▸ What the task asks
From the data below, return the exact lines starting at the line containing "Partitura de musica" and ending at the line containing "29 May 2022;", both included, and nothing else.

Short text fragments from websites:
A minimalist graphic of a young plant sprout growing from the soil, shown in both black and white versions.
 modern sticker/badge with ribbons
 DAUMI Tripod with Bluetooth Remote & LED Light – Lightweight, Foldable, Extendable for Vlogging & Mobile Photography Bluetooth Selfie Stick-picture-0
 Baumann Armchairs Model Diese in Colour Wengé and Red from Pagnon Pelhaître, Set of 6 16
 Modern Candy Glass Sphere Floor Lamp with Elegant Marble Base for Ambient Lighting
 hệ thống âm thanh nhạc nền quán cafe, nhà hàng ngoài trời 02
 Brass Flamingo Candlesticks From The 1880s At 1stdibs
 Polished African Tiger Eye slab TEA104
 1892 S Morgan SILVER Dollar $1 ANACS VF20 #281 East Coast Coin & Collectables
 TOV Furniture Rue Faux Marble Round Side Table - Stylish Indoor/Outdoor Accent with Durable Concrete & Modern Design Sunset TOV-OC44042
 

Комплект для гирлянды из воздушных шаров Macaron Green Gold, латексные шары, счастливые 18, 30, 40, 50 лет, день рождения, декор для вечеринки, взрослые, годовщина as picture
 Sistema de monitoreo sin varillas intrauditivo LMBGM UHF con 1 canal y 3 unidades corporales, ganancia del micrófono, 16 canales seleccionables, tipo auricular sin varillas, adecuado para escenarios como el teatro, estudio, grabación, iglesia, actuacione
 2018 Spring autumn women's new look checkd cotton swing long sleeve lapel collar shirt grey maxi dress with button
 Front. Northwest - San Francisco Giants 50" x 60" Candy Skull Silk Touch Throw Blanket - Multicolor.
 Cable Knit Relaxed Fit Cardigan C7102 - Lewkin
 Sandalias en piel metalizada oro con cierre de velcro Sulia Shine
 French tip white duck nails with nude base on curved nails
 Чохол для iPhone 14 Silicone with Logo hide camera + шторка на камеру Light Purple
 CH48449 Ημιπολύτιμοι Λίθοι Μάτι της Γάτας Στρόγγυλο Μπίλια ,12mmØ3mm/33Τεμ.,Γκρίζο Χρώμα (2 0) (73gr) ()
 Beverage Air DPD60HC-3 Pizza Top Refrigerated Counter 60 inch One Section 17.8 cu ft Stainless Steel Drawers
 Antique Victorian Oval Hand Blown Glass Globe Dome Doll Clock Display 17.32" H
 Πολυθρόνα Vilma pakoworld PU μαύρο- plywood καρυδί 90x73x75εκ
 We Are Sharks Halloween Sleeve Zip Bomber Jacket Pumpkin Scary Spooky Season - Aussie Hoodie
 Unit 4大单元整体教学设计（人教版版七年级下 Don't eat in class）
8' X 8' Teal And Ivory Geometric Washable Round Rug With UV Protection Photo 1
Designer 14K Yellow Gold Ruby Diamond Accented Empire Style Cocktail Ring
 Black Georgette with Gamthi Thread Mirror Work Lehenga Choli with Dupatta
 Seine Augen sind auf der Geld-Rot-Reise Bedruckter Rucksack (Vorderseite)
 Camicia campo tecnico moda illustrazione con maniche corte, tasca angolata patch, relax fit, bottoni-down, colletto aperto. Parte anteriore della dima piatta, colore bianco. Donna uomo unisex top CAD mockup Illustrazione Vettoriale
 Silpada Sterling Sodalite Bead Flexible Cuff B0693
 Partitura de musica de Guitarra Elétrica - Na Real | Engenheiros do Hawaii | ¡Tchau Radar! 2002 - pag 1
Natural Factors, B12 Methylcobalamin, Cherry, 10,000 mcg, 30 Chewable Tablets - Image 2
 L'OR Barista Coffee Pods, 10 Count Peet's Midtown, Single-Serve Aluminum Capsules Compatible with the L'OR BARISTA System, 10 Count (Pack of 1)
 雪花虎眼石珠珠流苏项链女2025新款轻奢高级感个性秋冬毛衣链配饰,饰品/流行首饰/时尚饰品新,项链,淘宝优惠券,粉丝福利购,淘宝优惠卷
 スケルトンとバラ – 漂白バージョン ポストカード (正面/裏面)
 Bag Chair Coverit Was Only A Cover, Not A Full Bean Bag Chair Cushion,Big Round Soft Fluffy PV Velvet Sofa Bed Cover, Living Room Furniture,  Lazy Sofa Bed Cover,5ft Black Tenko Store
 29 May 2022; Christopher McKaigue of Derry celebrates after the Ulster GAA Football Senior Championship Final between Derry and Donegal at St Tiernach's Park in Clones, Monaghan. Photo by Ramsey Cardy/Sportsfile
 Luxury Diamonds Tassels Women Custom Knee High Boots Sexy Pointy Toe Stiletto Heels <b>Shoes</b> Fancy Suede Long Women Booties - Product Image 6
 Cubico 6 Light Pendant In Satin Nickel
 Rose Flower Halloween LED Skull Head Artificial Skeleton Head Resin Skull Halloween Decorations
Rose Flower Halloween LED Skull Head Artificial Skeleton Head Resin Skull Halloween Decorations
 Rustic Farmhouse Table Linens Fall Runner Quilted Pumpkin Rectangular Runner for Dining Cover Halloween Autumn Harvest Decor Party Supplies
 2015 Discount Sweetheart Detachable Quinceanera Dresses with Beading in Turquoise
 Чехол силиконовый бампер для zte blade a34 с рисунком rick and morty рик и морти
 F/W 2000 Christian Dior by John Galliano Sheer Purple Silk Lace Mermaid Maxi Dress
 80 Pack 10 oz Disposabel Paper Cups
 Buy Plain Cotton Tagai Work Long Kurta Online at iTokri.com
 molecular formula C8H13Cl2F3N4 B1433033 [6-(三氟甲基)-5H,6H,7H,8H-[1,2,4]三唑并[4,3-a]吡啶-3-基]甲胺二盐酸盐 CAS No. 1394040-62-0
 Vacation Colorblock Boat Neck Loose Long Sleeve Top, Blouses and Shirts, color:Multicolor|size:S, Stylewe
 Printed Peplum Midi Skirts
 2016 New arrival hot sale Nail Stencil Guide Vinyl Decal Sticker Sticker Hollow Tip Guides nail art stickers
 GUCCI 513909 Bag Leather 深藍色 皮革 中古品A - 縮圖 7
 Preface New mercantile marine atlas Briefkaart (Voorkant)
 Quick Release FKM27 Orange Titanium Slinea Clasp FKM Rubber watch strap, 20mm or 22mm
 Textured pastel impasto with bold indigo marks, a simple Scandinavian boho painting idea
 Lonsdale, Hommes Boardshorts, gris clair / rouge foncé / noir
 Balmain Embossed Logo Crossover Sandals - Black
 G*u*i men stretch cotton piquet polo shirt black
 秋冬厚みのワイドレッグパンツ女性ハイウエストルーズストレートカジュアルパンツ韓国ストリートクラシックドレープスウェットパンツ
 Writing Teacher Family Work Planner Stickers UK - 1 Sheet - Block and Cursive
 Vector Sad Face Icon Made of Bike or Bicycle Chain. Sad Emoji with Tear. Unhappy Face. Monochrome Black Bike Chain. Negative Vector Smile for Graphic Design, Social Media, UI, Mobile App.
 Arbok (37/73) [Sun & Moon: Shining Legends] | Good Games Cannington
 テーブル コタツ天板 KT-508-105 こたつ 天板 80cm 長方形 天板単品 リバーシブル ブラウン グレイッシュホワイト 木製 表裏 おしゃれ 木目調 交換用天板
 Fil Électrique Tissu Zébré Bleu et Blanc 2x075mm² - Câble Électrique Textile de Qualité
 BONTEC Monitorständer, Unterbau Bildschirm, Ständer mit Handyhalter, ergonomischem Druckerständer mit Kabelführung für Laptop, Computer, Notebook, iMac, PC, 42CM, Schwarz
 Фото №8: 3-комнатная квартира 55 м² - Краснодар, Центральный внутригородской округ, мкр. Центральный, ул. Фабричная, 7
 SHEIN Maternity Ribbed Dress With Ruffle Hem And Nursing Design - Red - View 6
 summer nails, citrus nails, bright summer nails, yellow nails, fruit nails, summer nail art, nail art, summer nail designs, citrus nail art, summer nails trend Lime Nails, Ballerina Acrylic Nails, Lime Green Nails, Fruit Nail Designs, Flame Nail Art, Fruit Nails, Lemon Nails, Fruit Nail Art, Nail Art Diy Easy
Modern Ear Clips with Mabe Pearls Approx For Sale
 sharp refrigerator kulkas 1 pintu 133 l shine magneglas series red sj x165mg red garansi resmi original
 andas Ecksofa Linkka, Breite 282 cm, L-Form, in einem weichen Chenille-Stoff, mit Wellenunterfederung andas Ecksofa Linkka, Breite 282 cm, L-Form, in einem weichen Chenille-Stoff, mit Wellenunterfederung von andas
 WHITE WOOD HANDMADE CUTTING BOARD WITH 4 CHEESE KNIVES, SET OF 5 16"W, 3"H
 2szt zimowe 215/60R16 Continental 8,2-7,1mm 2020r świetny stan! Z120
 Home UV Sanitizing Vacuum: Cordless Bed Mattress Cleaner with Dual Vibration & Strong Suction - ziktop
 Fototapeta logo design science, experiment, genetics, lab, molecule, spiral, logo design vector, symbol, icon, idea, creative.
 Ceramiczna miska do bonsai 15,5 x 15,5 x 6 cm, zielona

▸ Solution for this problem
 Partitura de musica de Guitarra Elétrica - Na Real | Engenheiros do Hawaii | ¡Tchau Radar! 2002 - pag 1
Natural Factors, B12 Methylcobalamin, Cherry, 10,000 mcg, 30 Chewable Tablets - Image 2
 L'OR Barista Coffee Pods, 10 Count Peet's Midtown, Single-Serve Aluminum Capsules Compatible with the L'OR BARISTA System, 10 Count (Pack of 1)
 雪花虎眼石珠珠流苏项链女2025新款轻奢高级感个性秋冬毛衣链配饰,饰品/流行首饰/时尚饰品新,项链,淘宝优惠券,粉丝福利购,淘宝优惠卷
 スケルトンとバラ – 漂白バージョン ポストカード (正面/裏面)
 Bag Chair Coverit Was Only A Cover, Not A Full Bean Bag Chair Cushion,Big Round Soft Fluffy PV Velvet Sofa Bed Cover, Living Room Furniture,  Lazy Sofa Bed Cover,5ft Black Tenko Store
 29 May 2022; Christopher McKaigue of Derry celebrates after the Ulster GAA Football Senior Championship Final between Derry and Donegal at St Tiernach's Park in Clones, Monaghan. Photo by Ramsey Cardy/Sportsfile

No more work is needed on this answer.